State minister for Planning David Bahati told MPs on the Finance committee yesterday that Bank of Uganda (BoU) Governor Emmanuel Tumusiime-Mutebile together with the ministry had reached a position on the tax following a meeting.
“Following the meeting you had with the staff of the Central Bank, we had a meeting in the ministry and a meeting with the Governor Central Bank; it was actually the [BoU] staff who attended this meeting [in parliament]…. this is now the final position of the government; we are still standing by the tax measures and a reduction of [Mobile Money tax] from 1 per cent to 0.5 per cent,” Mr Bahati said.
Mr Mutebile, who appeared before the committee, did not object to the minister’s remarks.
The development comes a month after the Central Bank’s technical team told the committee that the tax is “discriminative”, warning that it was likely to affect financial inclusion in the country.
The BoU officials, who also appeared before the committee alongside their counterparts from telecom companies, said because of the unpopular tax, the mobile money transactions had declined by Shs672b in the first two weeks of implementing the tax. Although BoU staff wanted the Bill shelved, Mr Mutebile later met Finance ministry officials and agreed on a different position.
However, Mr Bahati yesterday said the decision was reached after wide consultations and strategic engagement with all organs of the government, including agencies and departments. “This is the final position of the government on this matter. We are still standing by the tax measure and the reduction from one per cent to 0.5 per cent,” he said.
The Governor, who did not contrast Mr Bahati’s position on the Bill, also explained why there is no law to regulate the sector.
Mr Mutebile cited the Bank of Uganda Act 2000. “Section 4, which stipulates the mandate of Bank of Uganda, is silent on the regulation and supervision of payments systems including Mobile Money,” he said.

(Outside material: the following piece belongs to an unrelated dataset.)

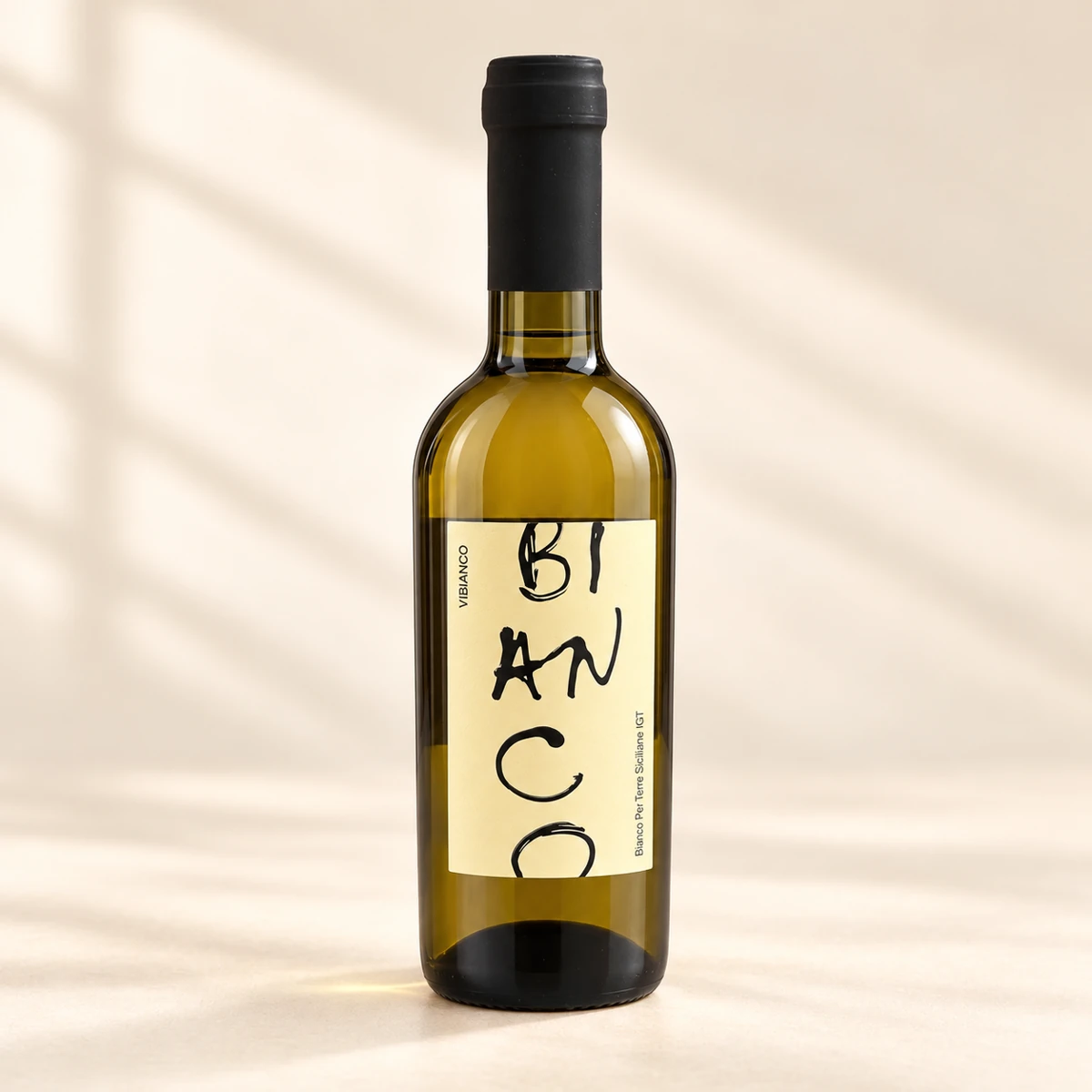 Vi Bianco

He added that the provisions in the Financial Institutions Act also pose limitations on licensing of Mobile Money services since the Act only applies to deposit-taking institutions.
He also stated that in its current form, the Mobile Money sector is a money transmission service, which requires a separate law.
Mr Mutebile said Cabinet last year approved the Policy and Principals for National Payments Systems Bill, which covers regulations of such services as Mobile Money and that a draft of the Bill has gone through the first parliamentary council and will be presented to the House by next month.
Finance committee chairperson Henry Musasizi (NRM, Rubanda East) said the committee has completed consultations on the proposed tax and promised to embark on report writing before the Bill is presented in the House for second reading.
Mobile money tax plan
Target. Government seeks to collect Shs118b from Mobile Monet tax by end of this financial year.
The law. The Excise Duty Amendment Act 2018, which brought in place the Mobile Money tax was assented to by President Museveni and signed into law on June 21, 2018.